* TASK TO CARRY OUT
Give again the lines from the line with "Used 2017 Volkswagen Jetta SE FWD image 10" to the last line of the records, exactly and in full. Do not carry over any pictures.

* SOURCE MATERIAL

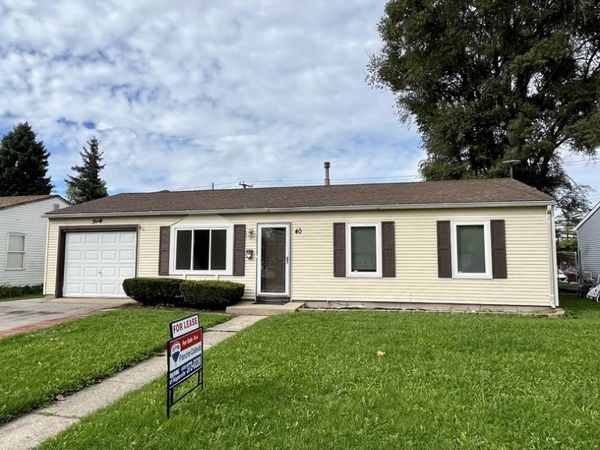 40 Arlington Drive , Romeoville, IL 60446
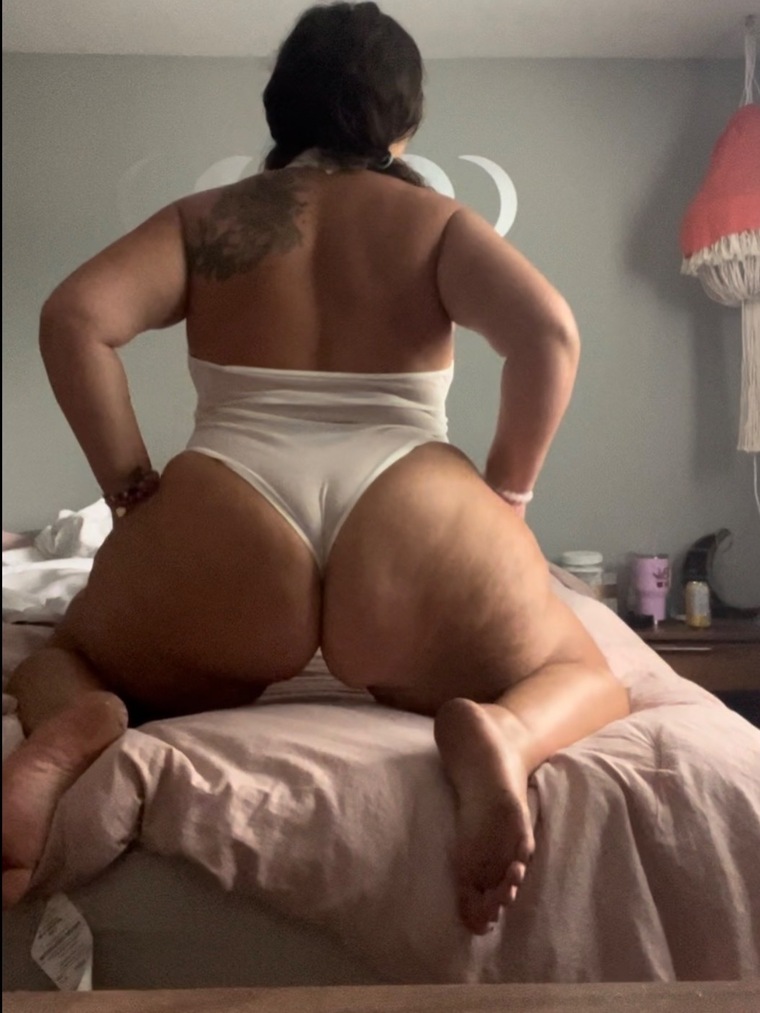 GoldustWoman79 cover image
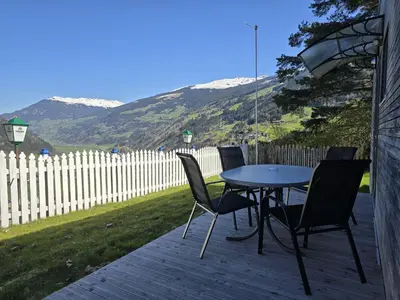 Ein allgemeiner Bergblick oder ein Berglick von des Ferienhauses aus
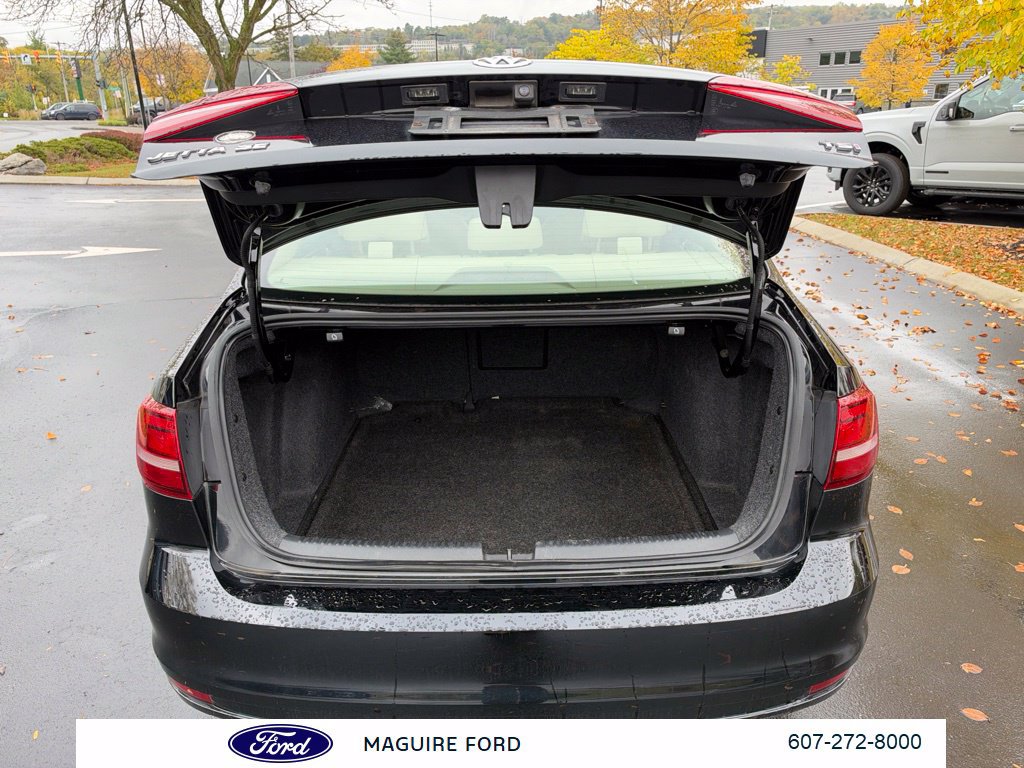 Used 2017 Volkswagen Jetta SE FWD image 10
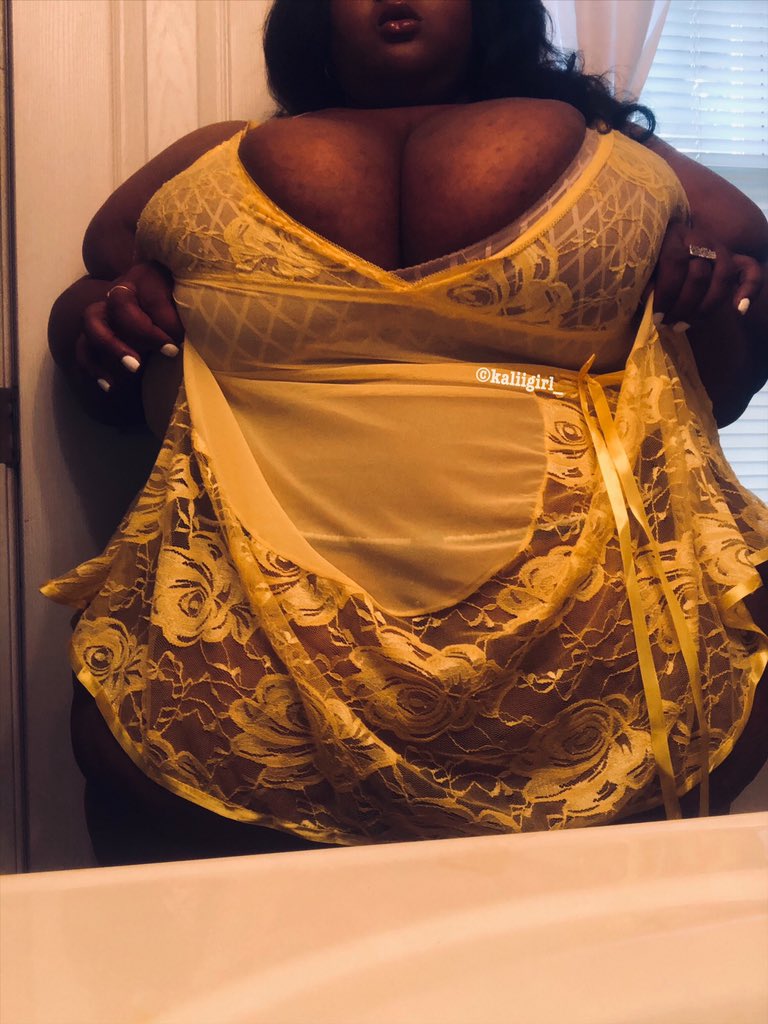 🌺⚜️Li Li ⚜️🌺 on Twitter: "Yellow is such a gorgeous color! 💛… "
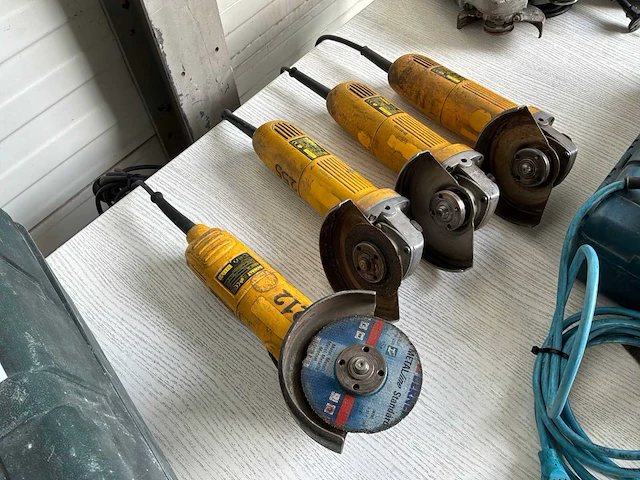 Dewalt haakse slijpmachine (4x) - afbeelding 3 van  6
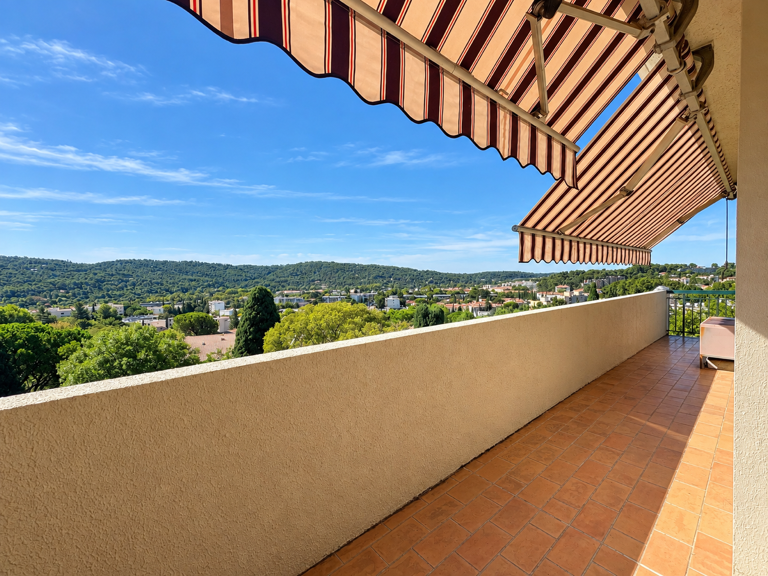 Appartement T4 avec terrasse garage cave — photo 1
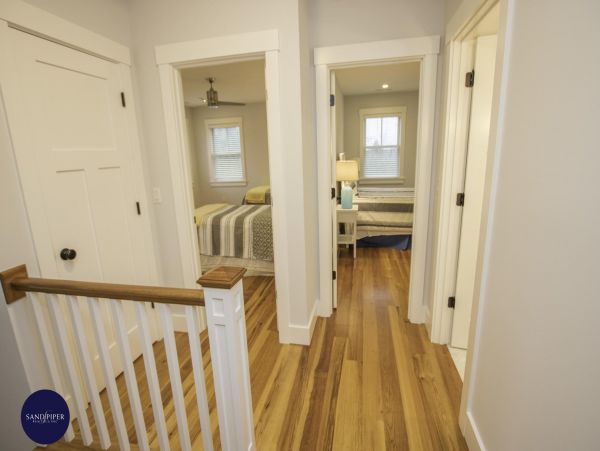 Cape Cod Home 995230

* YOUR RESPONSE
 Used 2017 Volkswagen Jetta SE FWD image 10
 🌺⚜️Li Li ⚜️🌺 on Twitter: "Yellow is such a gorgeous color! 💛… "
 Dewalt haakse slijpmachine (4x) - afbeelding 3 van  6
 Appartement T4 avec terrasse garage cave — photo 1
 Cape Cod Home 995230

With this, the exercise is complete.